DOCKET NO. 170100071

 

TYPE: POOLING

 

ORDER NO. 421-80

REPORT OF THE COMMISSION

 

The Commission heard this matter on January 30, 2017, at the Colorado Oil and Gas Conservation Commission, 1120 Lincoln Street, Suite 801, Denver, Colorado, upon application for an order to pool all interests within an approximate 1,280-acre drilling and spacing unit established for Sections 24 and 25, Township 12 North, Range 63 West, 6th P.M., and to subject any nonconsenting interests to the cost recovery provisions of §34-60-116(7), C.R.S., for the drilling of the Fox Creek 504-2524H Well, for the development and operation of the Codell Formation.

 

FINDINGS

 

The Commission finds as follows:

 

1.         Fifth Creek Energy Operating Company, LLC (Operator No. 10629) (“Fifth Creek” or “Applicant”), as applicant herein, is an interested party in the subject matter of the above-referenced hearing.

 

2.         Due notice of the time, place and purpose of the hearing has been given in all respects as required by law.

 

3.         The Commission has jurisdiction over the subject matter embraced in said Notice, and of the parties interested therein, and jurisdiction to promulgate the hereinafter prescribed order pursuant to the Oil and Gas Conservation Act.

 

4.         On January 26, 2015 (amended April 13, 2015), the Commission entered Order No. 421-57 which, among other things, established 11 approximate 1280-acre drilling and spacing units, and approved one horizontal well within the unit, for the production of oil, gas and associated hydrocarbons from the Codell Formation.
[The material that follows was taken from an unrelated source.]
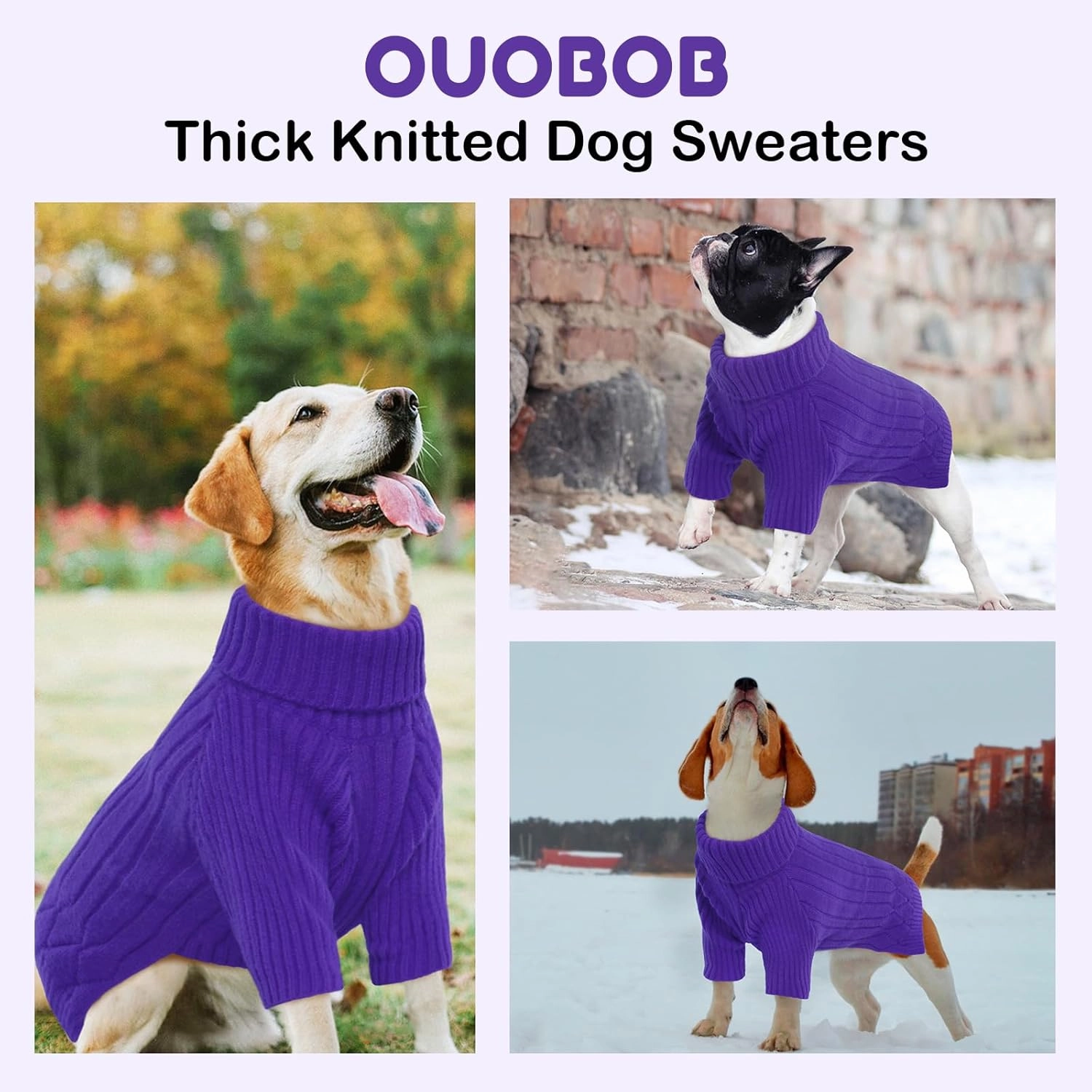 Large Breed Dog Sweaters, Warm Winter Fall Dog Sweaters for Dog Girls Boys, Turtleneck Dog Knitwear,Doggie Christmas Sweater,Pet Sweatshirt Clothes Outfit Knit Great Dane,Doberman(Purple XXXXL)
Sections 24 and 25, Township 12 North, Range 63 West, 6th P.M. are subject to this Order for the Codell Formation.

 

5.         On July 20, 2015, the Commission entered Order No. 421-64 which, among other things, modified Order No. 421-57 to allow for a total of up to six horizontal wells within each unit, including the Application Lands, for the production of oil, gas and associated hydrocarbons from the Codell Formation, with the productive interval of the wellbore to be located no closer than 460 feet from the unit boundaries, and no closer than 150 feet from the productive interval of any other wellbore located in the unit, without exception being granted by the Director.

 

6.         On December 12, 2016, the Commission entered Order No. 421-77 which, among other things, modified Order Nos. 421-57 and 421-64 to allow the productive interval of any permitted well to be located no closer than 300 feet from the unit boundaries of three approximate 1280-acre drilling and spacing units including the Application Lands, for the production of the oil, gas, and associated hydrocarbons from the Codell Formation.

 

7.         On December 1, 2016, Fifth Creek, by its attorneys, filed a verified application (“Application”) pursuant to §34-60-116, C.R.S., for an order to pool all interests in an approximate 1,280-acre drilling and spacing unit established for the below-described lands (“Application Lands”), for the development and operation of the Codell Formation, and to subject any nonconsenting interests to the cost recovery provisions of §34-60-116(7), C.R.S., effective as of the earlier of the date of the Application, or the date that the costs specified in § 34-60-116(7)(b), C.R.S., are first incurred for the drilling of the Fox Creek 504-2524H Well (API No. 05-123-41612) (“Well”):

 

Township 12 North, Range 63 West, 6th P.M.

Section 24:      All

Section 25:      All

 

8.         On January 9, 2017, Applicant, by its attorneys, filed with the Commission a written request to approve the Application based on the merits of the verified application and the supporting exhibits.  Sworn written testimony and exhibits were submitted in support of the Application.

 

9.         Land testimony and exhibits submitted in support of the Application by P.M. Di Grappa, Land Manager for Fifth Creek, showed that all nonconsenting interest owners were notified of the Application and received an Authority for Expenditure ("AFE") and offer to participate in the Well. Further testimony concluded that the AFE sent by the Applicant to the interest owners was a fair and reasonable estimate of the costs of the proposed drilling operation and was received at least 35 days prior to the January 30, 2017 hearing date.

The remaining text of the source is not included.